Abstract painter June Harwood, who was part of the so-called hard edge movement of the 1950s and '60s, has died at her home in Studio City where she lived alone. She was 81.
Her body was found Sunday by a friend who came to check on her.
Harwood had been in frail health for several months, said Dennis Reed, former dean of arts at Los Angeles Valley College where she taught from 1975 to 1993.
Many of her early paintings consisted of shapes that were more or less rectangular, often in silver, gray and black, defined by crisp lines and edges. Characteristic of hard edge paintings, they had a flat, geometric look.
"As the light changes, the image appears or disappears — now you see it, now you don't," she said in a 1968 Times interview. "This fascinates me."

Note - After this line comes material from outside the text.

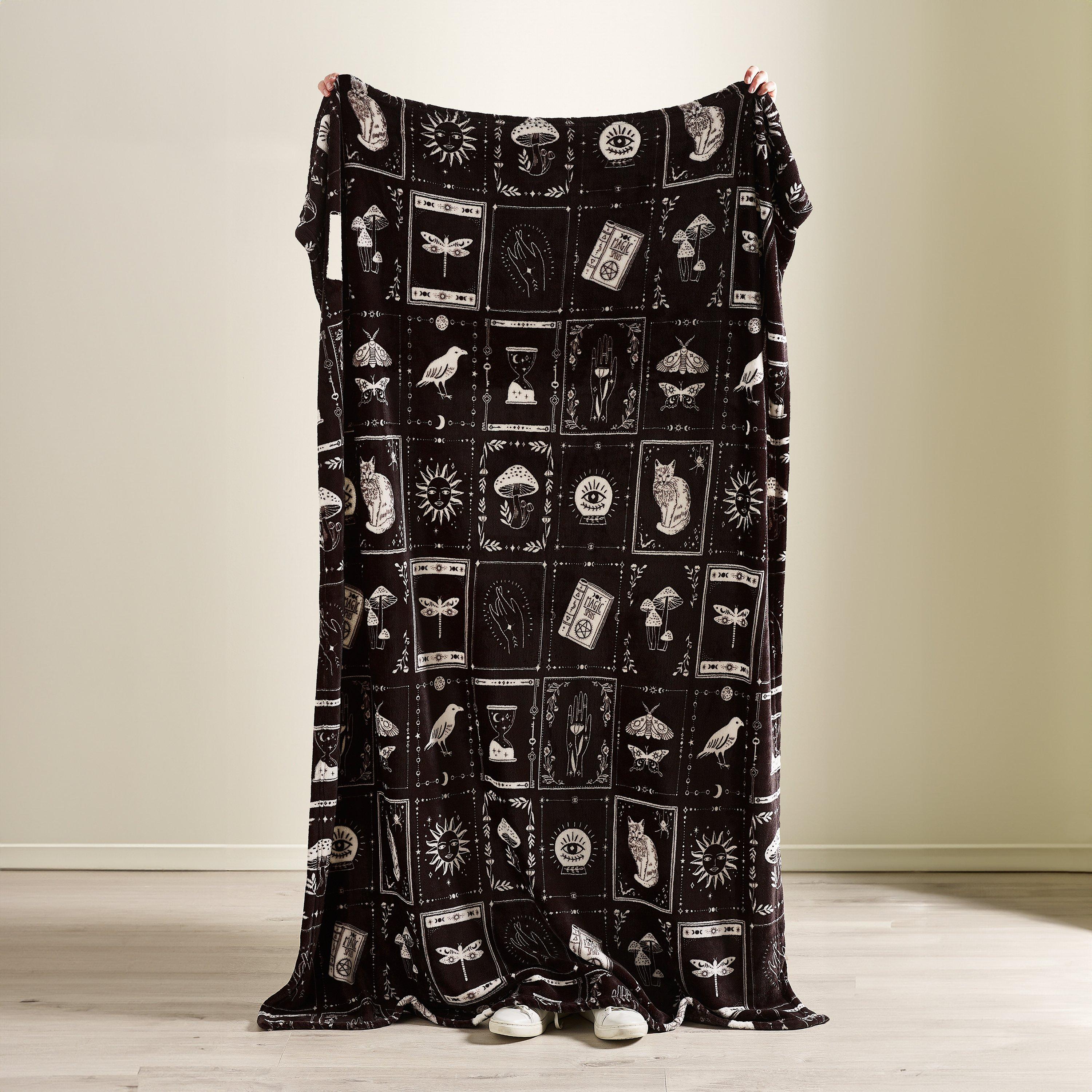 Black - Catherine Lansfield - Enchanted Witchcraft Cosy Fleece Blanket Throw - 3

Although she often worked with oils on Masonite in her early work, eventually she used acrylic paint on canvas.
Times art critic Christopher Knight, in reviewing a 2003 retrospective of her work at NoHo Modern in North Hollywood, said, "Following the trajectory of these paintings is rather like watching tectonic plates begin to shift, break apart and slowly bend beneath unseen forces of stoppable pressure — rather like the unfolding decade of the 1960s itself."
She did not, like some painters of the time, restrict her work to precisely measured geometrical forms. "Like jazz," Knight wrote, "the painting gives a platform to improvisation within an aggregate of formal rules."
A new, long-planned retrospective, "June Harwood, Splinter, Divide and Flow," is scheduled to open at the Louis Stern Fine Arts Gallery in West Hollywood on Jan 22.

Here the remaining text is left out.